Les textes de Mikhail Ossorguine ou de Iouri Tynianov sont passionnants, comme ceux plus connus de Zamiatine, Maïakovski et Boulgakov. Et ceux que l’on ne connaissait pas donnent grandement envie d’aller se plonger dans des œuvres, en particulier celles d’Andreï Sobol et d’Alexandre Tchaïnov… Ces textes, leurs auteurs, dessinent, en passant par la figure du monstre qu’ils abordent avec une diversité formelle et idéologique très variée, l’histoire et les crises qui font s’articuler une société très complexe en passant par le sérieux et le comique, l’anticipation et la fable, le réalisme ou la fantaisie… Ils réfléchissent l’utopie par le biais de la figure monstrueuse ; ils conçoivent la marge, l’atypique, comme des lieux d’incarnation du collectif et du temps qui passe ou se rompt.

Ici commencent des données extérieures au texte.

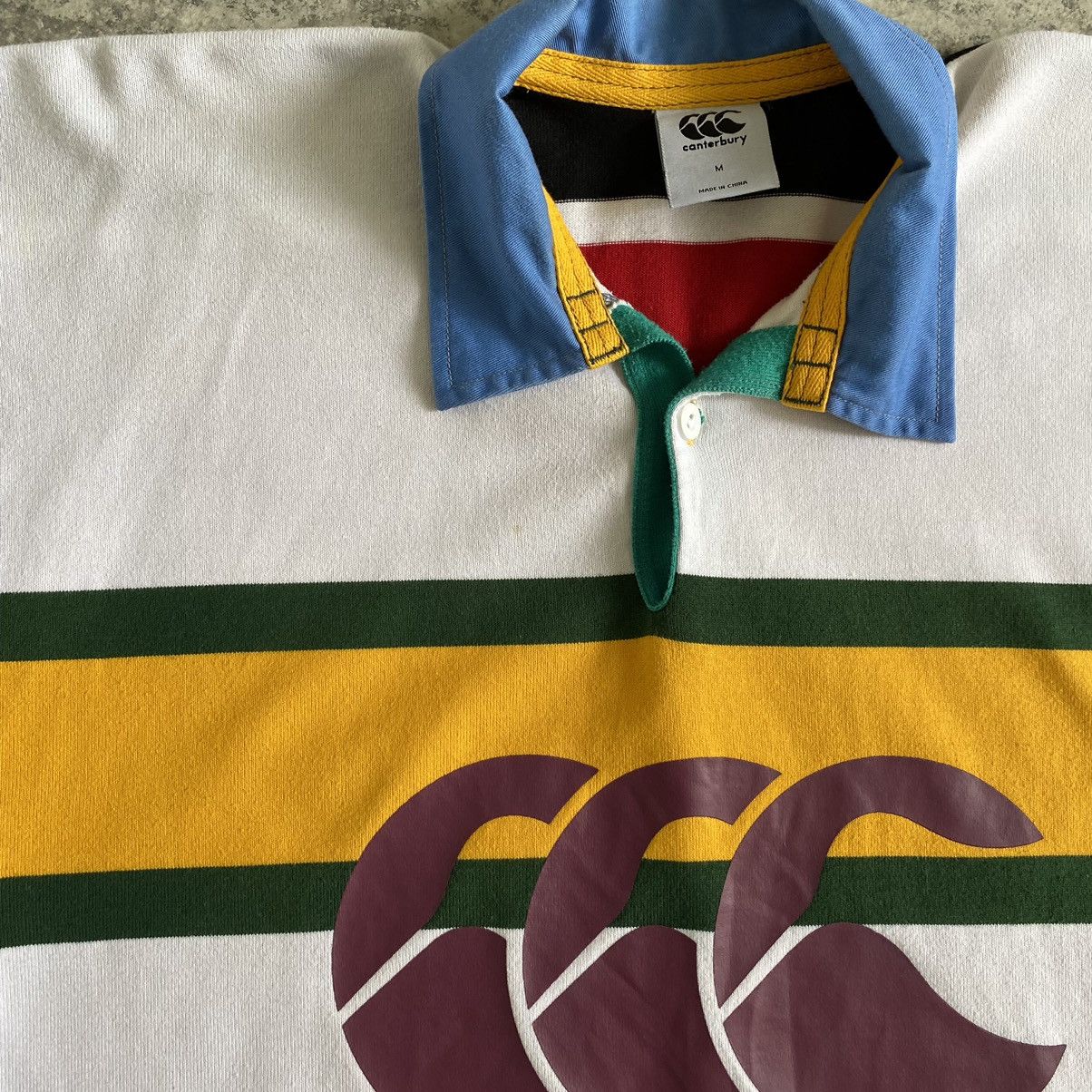 Canterbury of New Zealand Vintage Canterbury Ugly Striped Rugby Shirt Size US M / EU 48-50 / 2 - 4 Thumbnail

Comme l’écrit Annick Mourard, lire ces textes, penser les évolutions culturelles de la Russie par l’intermédiaire des monstres revient à « tordre la pensée ». En lisant Ourod, on pense par le devers, on envisage l’histoire, la culture, les représentations, d’une manière altérée, révélatrice. Comme chez Alberto Manguel et Martine Courtois, le monstre n’est pas réduit à son altérité ou à sa différence. Il est envisagé comme un autre nous-même, une forme aigüe de l’existence en quelque sorte. En lisant ces livres qui portent un regard modifié sur le monde et notre intériorité, on ne se placera jamais du côté de la morale. Car, si les monstres sont séparés des autres, qu’on les envisage de manière répulsive ou au contraire positive, l’enjeu est de les reconnaitre comme une part essentielle de notre civilité et comme des figures centrales de nos sociétés.